Fluke, who was the first in her father’s family to go to college, enrolled at Cornell University and took a women’s studies class, which she said changed her view of the way gender discrimination continues to play a role in society.
“College opened up my whole world to the career I wanted to have in social justice as an advocate,” she said.
Fluke first gained national attention as a law student at Georgetown University. She chose a career in law in order to better understand and work with those who faced adversity. While at Georgetown, Fluke became active with a group of students in calling for greater reproductive rights for women, using Georgetown’s poor contraceptive coverage as an example.
Congressional Republicans denied a Democratic bid for her to testify at a Feb. 16, 2012 hearing on a possible government requirement of employers to provide insurance coverage for birth control. The Democrats held an unofficial hearing a week later, and Fluke testified about the difficulty of obtaining contraception coverage at Georgetown.
On Feb. 29 of that year, Rush Limbaugh called Fluke a “sl-t” on his nationally broadcast radio show. He later apologized, but Fluke has chosen to remain in the public eye through her activism.
“In my final semester of law school, karma caught up with me, and my career changed rather abruptly,” Fluke said. “If you find the spotlight shining on you for one moment, you grab the microphone and start screaming.”
Since then, she has advocated for reproductive rights and affordable healthcare, and she is mounting a bid for California State Senate.

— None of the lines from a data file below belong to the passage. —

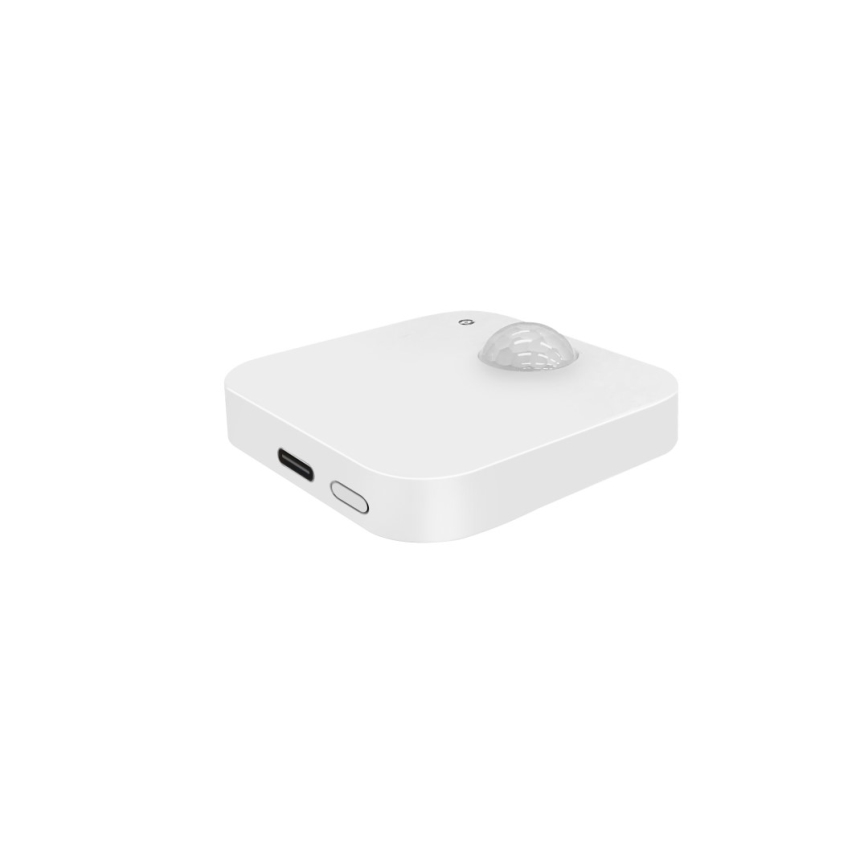 Immax NEO 07530L - Smart PIR, närvarosensor och belysningssensor USB/5V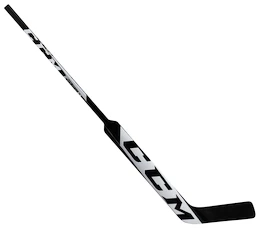 CCM Eflex 5.5. White/Black Senior Kompozit kapus hokiütő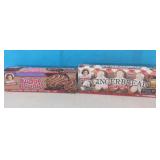 (2) Boxes of Little Debbie Snack Cakes
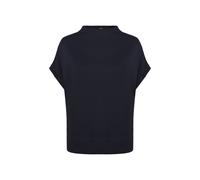 Someday Kurzarm-Sweatshirt Damen marine, 40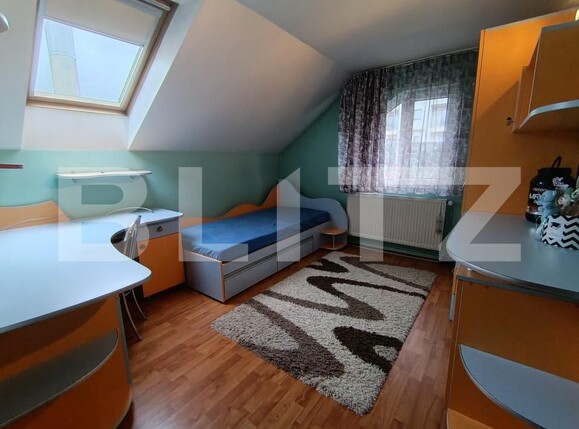 Casa de vânzare 5 camere Central - 180641CV | BLITZ Zalău | Poza12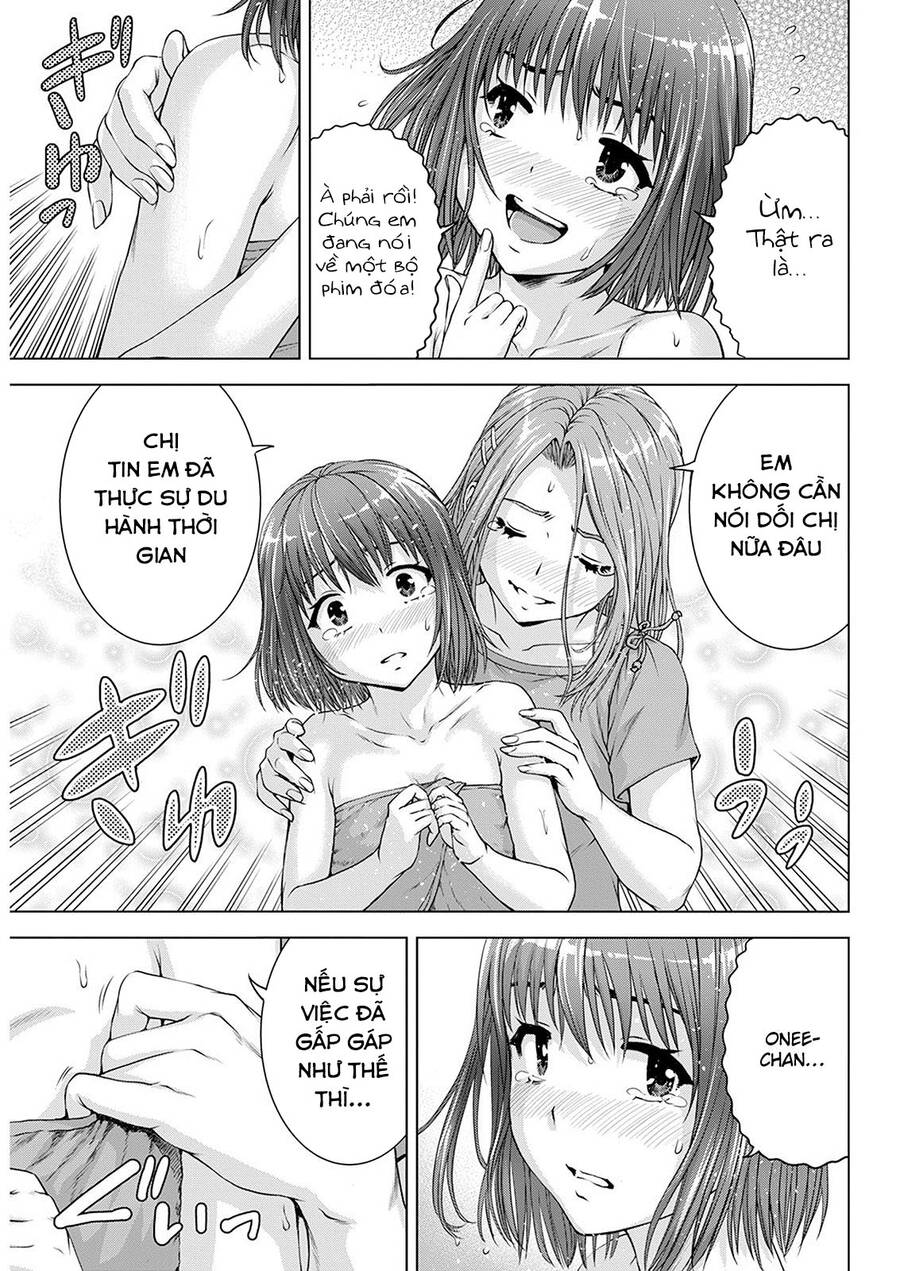 Ore Wa Lolicon Ja Nai! Chapter 46 - 20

Fluke remains focused on policy outcomes, and attributes some of Obamacare’s contraceptive protections to the activism and controversy that she and her peers generated at Georgetown.
“I’m not sure we would have the policy that we have in the Affordable Care Act if we didn’t have the attention generated by that controversy,” she said.

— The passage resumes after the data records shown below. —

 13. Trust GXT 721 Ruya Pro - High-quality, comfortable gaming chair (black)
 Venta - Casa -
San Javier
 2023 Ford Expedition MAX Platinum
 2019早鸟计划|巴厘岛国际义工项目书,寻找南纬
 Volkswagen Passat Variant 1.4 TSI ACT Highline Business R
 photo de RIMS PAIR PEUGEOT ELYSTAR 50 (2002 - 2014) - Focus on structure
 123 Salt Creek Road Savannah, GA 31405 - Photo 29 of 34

Fluke is also determined to increase the representation of women and other diverse groups in elected office.
“When I get into the Senate, I fully intend to immediately begin thinking, ‘Who else can I bring with me?’ My style is going to be kicking down the doors and bringing the community in,” she said.
Fluke describes her campaign as being funded by “average sized bank accounts,” with a mean contribution of around $250. She cites this as a reason why her campaign is part of the movement to bring diversity to Sacramento.

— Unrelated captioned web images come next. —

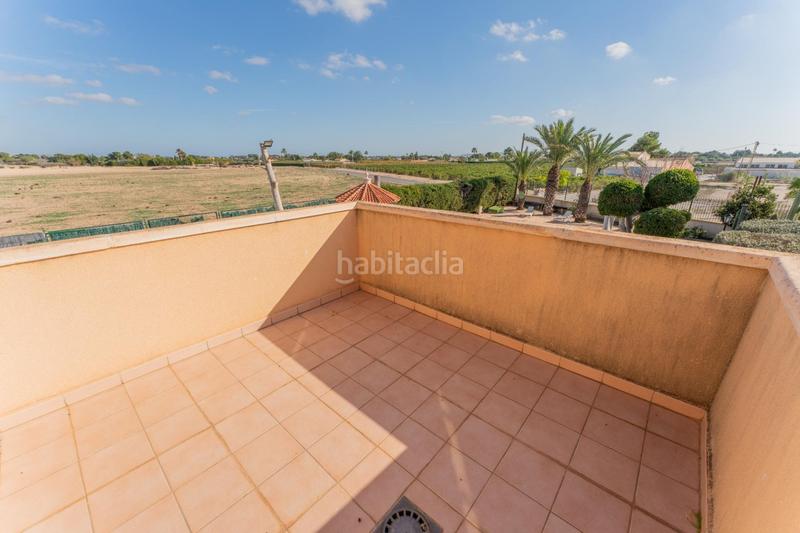 Foto 0fb1accf-5e71-40d5-a165-380408ca2ada. Chalet mit pool in Nou Altabix Elche / Elx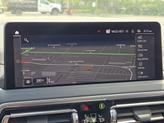 Thumbnail of 2022 Black Sapphire Metallic BMW X4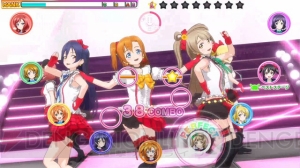 AC『ラブライブ！ スクフェス ～after school ACTIVITY～』が発表。体験会の情報も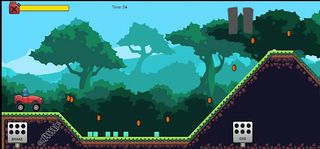 Car Thriller - Screenshot 3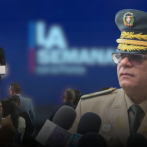 Ministro de Defensa sobre sentencia que despenaliza relaciones homosexuales en Policía y Ejército: 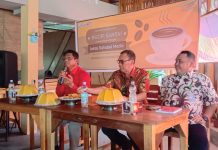 Dua Tersangka Dugaan Korupsi Stadion Manakarra Mamuju : Kejati Sulbar Menunggu Hasil Audit BPKP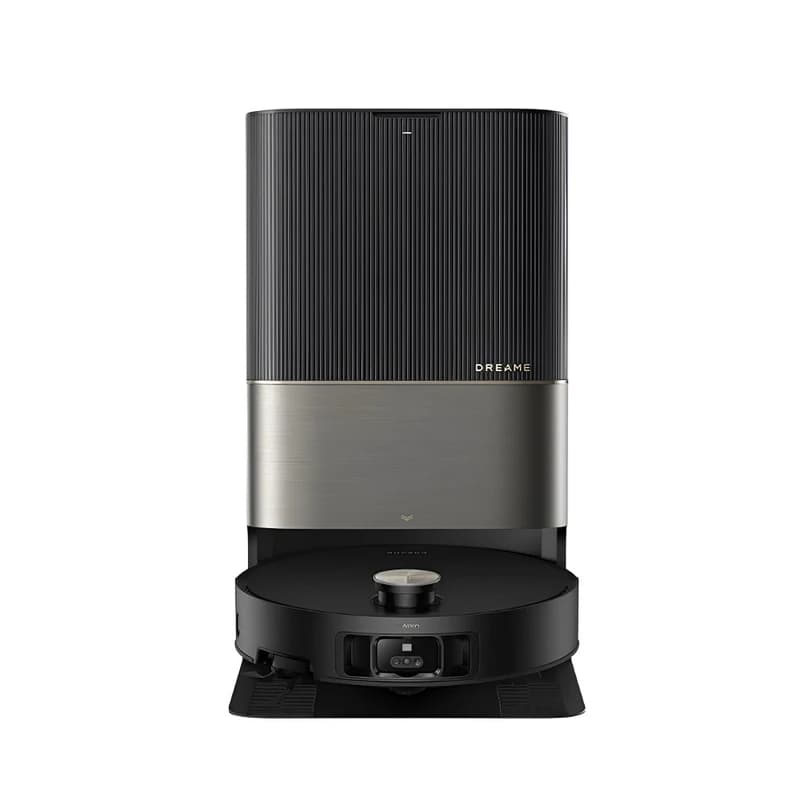 جارو رباتیک X60 ULTRA COMPLITE — تصویر ۵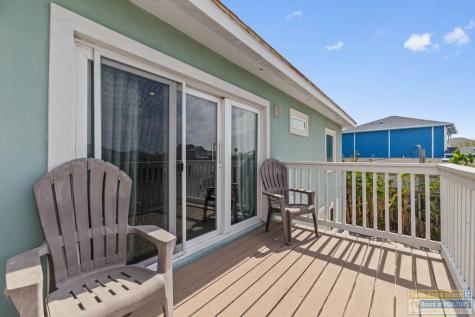 1109 Tarpon Avenue Port Isabel TX 78578
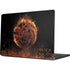 HBO House of the Dragon Flaming Tararyen Sigil Apple MacBook Pro 14-inch Skin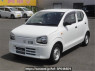 Used 2020 AT suzuki alto HA36V Image[0]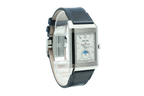 Jaeger-LeCoultre Reverso Duoface – White – Q3918420 – 2024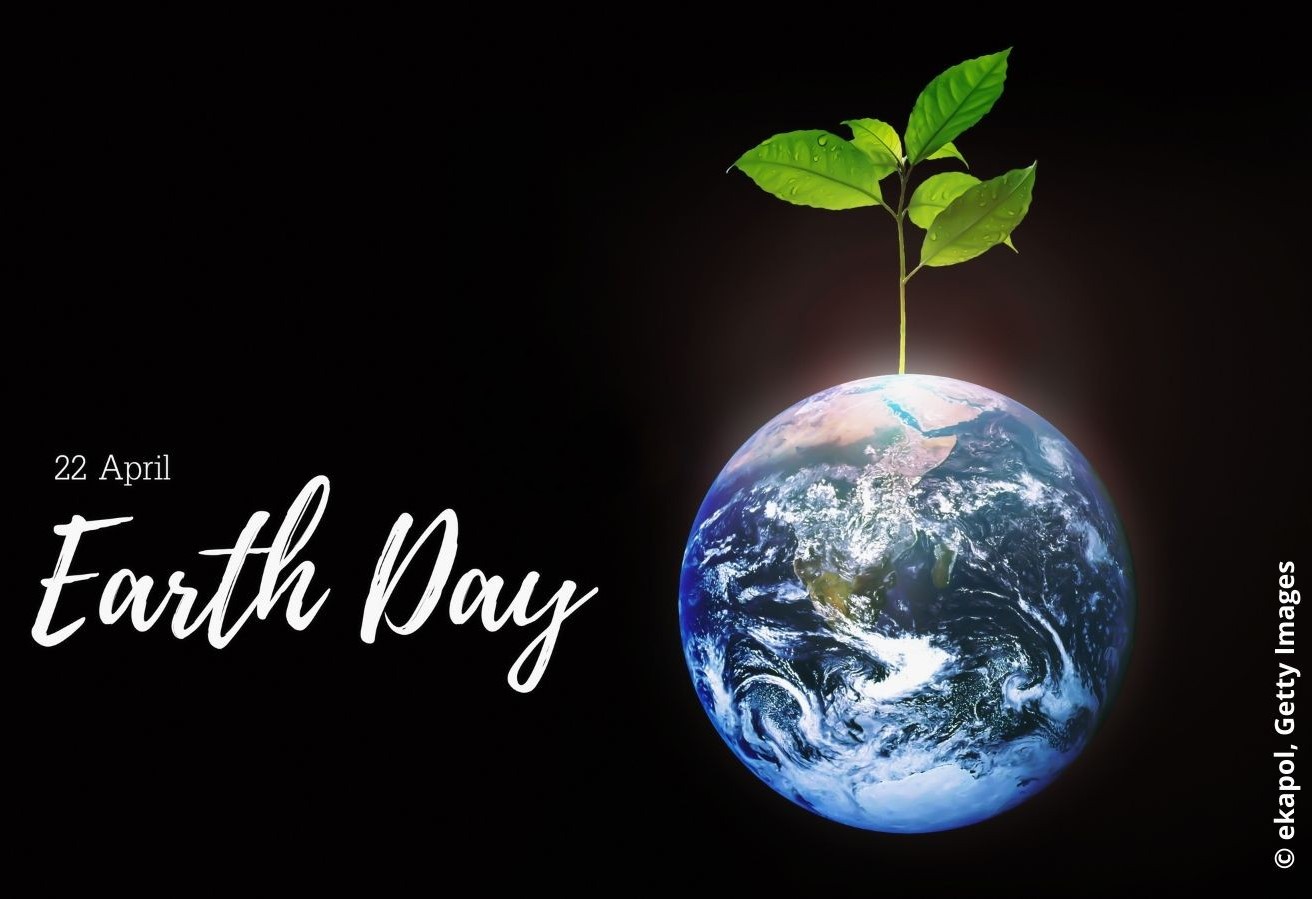 Earth day 2021 three days of climate action European Economic and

Fluke said the most significant challenge that California faces is Proposition 13, a ballot measure passed in 1978 that placed a cap on the real estate tax and required a two-thirds vote in both houses of the state legislature to ever increase taxes again. The proposition has severely limited how much the state can collect in revenue each year.
Fluke said the proposition has unfairly benefited companies at the expense of individuals and has hampered the government’s ability to raise revenue for important public works projects.
“It contains of tons of loopholes that benefit corporations,” she said. “It has put a stranglehold on our ability to fund important investments and cut off a lot of resources to things like public education, and it makes it very difficult for the legislature to have the flexibility that they need to have to change tax policy.”
Fluke plans to close tax loopholes that benefit corporations and make it easier to reform taxes in the future.
Logan Burkhead, a junior majoring in political science, said Fluke is an inspiration for student’s looking to become activists in politics.
“Fluke’s presentation thoughtfully articulated the importance of combining passion with an unabashed commitment to action,” he said. “She inspired students to make their own voices heard and to fight injustice in their own lives.”